Süddeutsche Zeitung - Rezension
Süddeutsche Zeitung | Besprechung von 06.12.2012

Braune Gefahr
Rechtsradikale bringen ein kleines mecklenburgisches Dorf unter ihre Kontrolle
VON RALF HUSEMANN
Das Böse ist nicht nur banal, manchmal kommt es auch schleichend auf Samtpfötchen daher. Und wenn es schließlich erkannt wird, dann ist es schon zu spät: In ein trostloses Nest in Mecklenburg ziehen eines Tages sechs ungewöhnliche Leute, ein Ehepaar mit seiner 15-jährigen Tochter und ein Mann mit zwei Söhnen, 17-jährigen Zwillingen. Von da an ist nichts mehr so, wie es eben noch war. Binnen kürzester Zeit haben sie das ganze Dorf umgekrempelt und die resignierten Einwohner, die sie anfangs noch mit Skepsis betrachtet haben, auf ihre Seite gebracht. Warum auch nicht? Denn plötzlich haben alle wieder Hoffnung. Verließen sie eben kaum noch ihre Häuser, entwickeln sie nun ein „Gemeinschaftsgefühl“, sie entdecken ihre Nachbarn neu, gründen eine Volkstanzgruppe, renovieren ein verlassenes, heruntergekommenes Haus zur „Begegnungsstätte für Jung und Alt“ und interessieren sich für ungewöhnliche Themen wie Kräutermedizin und alte vergessene Handarbeitstechniken.
  Dass die Zugereisten ein bisschen altmodisch wirken und seltsame Dinge sagen, „Unnatürliches und Artfremdes“ bekämpfen möchten, davon überzeugt sind, dass die anderen Länder und auch die EU „Deutschland schädigen“ möchten und ohnehin „bald alles zusammenbrechen“ werde, wird von den Dörflern so hingenommen. Die Neuen seien doch immer noch besser, „als wenn Ausländer kommen oder Drogensüchtige“, meinen auch Tante Jeske und Onkel Rolf, die wie viele andere auch davon überzeugt sind, dass „Deutschland immer für die anderen bezahlen“ müsse.

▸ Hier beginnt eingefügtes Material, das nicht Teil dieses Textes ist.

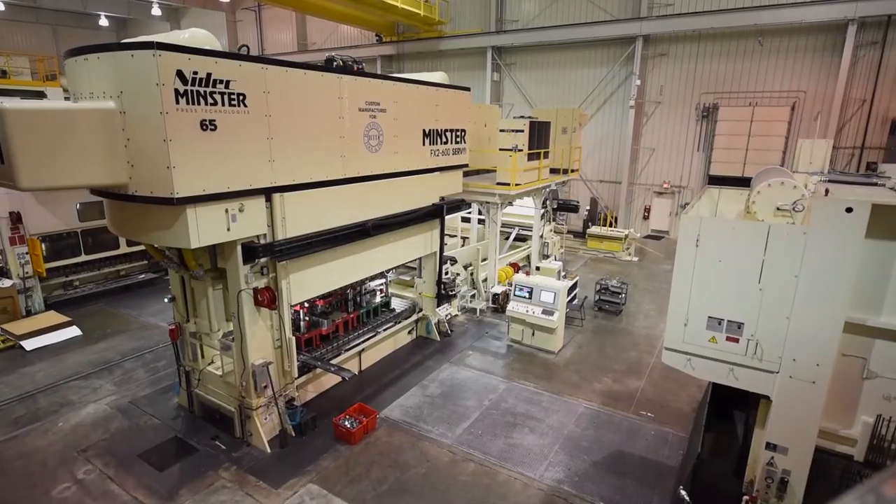The Minster Presses are very well made. They're rock solid, well thought out, well designed. I have no issues with the Minster Presses at all — they're really reliable. We've always had a great relationship with Minster, and they've always given us great support.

  Die beiden haben den jetzt 15-jährigen Benjamin, den Ich-Erzähler dieses auf seinen 300 Seiten immer unheimlicher werdenden Romans, bei sich aufgenommen, als dessen Eltern vor Jahren bei einem Autounfall ums Leben gekommen waren. In der neuen Gruppe der Zugereisten, vor allem in dem dominanten, aber immer sehr freundlichen Ehepaar Reinhold und Uta sieht Ben schnell eine Ersatzfamilie, mit der es seine langweiligen und meist unfreundlichen Verwandten nicht annähernd aufnehmen können. Hinzu kommt, dass die hübsche 15-jährige Tochter Freya ein Auge auf ihn geworfen hat und die Zwillinge sich immer neue spannende Abenteuer ausdenken.

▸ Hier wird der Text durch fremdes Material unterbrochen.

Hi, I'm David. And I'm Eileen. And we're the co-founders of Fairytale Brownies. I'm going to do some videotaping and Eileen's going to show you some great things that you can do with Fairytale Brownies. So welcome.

  Erst allmählich irritiert es Ben, wie brutal die beiden auch sein können, wie sie grundlos einen Skater zusammenschlagen und mit ihm selbst makabre Spiele machen. Schließlich eskaliert das Ganze immer mehr, zwei polnische Studenten werden überfallen und mit dem Tod bedroht, irgendwann kommt es sogar zu einem Mord, und schließlich muss auch Ben um sein Leben fürchten. Doch dann hat jäh der Spuk ein Ende, die Polizei greift ein.

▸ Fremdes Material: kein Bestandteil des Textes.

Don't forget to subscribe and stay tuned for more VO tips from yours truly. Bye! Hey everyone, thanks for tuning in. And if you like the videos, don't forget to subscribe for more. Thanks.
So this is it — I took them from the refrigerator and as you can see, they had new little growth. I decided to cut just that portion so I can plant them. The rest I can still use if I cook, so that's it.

  Daniel Höras Roman ist harte Kost, er spiegelt aber realistisch die Wirklichkeit in manchen ostdeutschen Kommunen, in denen Rechtsradikale und bekennende Nazis wie selbstverständlich zum Alltag gehören, Vereine und Jugendhäuser dominieren und auch als „Volksvertreter“ in vielen Gemeinden und Kreisen und sogar in Landtagen auftauchen. Nach einer jüngsten Studie der Friedrich-Ebert-Stiftung hat sich die Anzahl der Menschen mit einem rechtsradikalen Weltbild im Osten Deutschlands von 2006 bis heute von 6,6 auf 15,8 Prozent erhöht (im Westen sank die Zahl im selben Zeitraum von 9,1 auf 7,6 Prozent). Insofern ist es verdienstvoll, wie Höra zeigt, mit welchen raffinierten Methoden inzwischen Rechtsextremisten heute vorgehen und schon längst nicht mehr nur als biersaufende Skinheads auftreten.
  Sicher, manches ist dem Erzähler etwas holzschnittartig geraten, aber gerade Jugendliche, die sich bislang noch nicht intensiv mit politischen und gesellschaftlichen Fragen befasst haben, werden hier ohne pädagogischem Zeigefinger aufgeklärt. Schnörkellos, manchmal erschreckend, aber nie langweilig. Und das ist ja schon eine Menge. (ab 13 Jahre und junge Erwachsene)
DANIEL HÖRA: Braune Erde. Bloomsbury 2012. 300 Seiten, 8,99 Euro.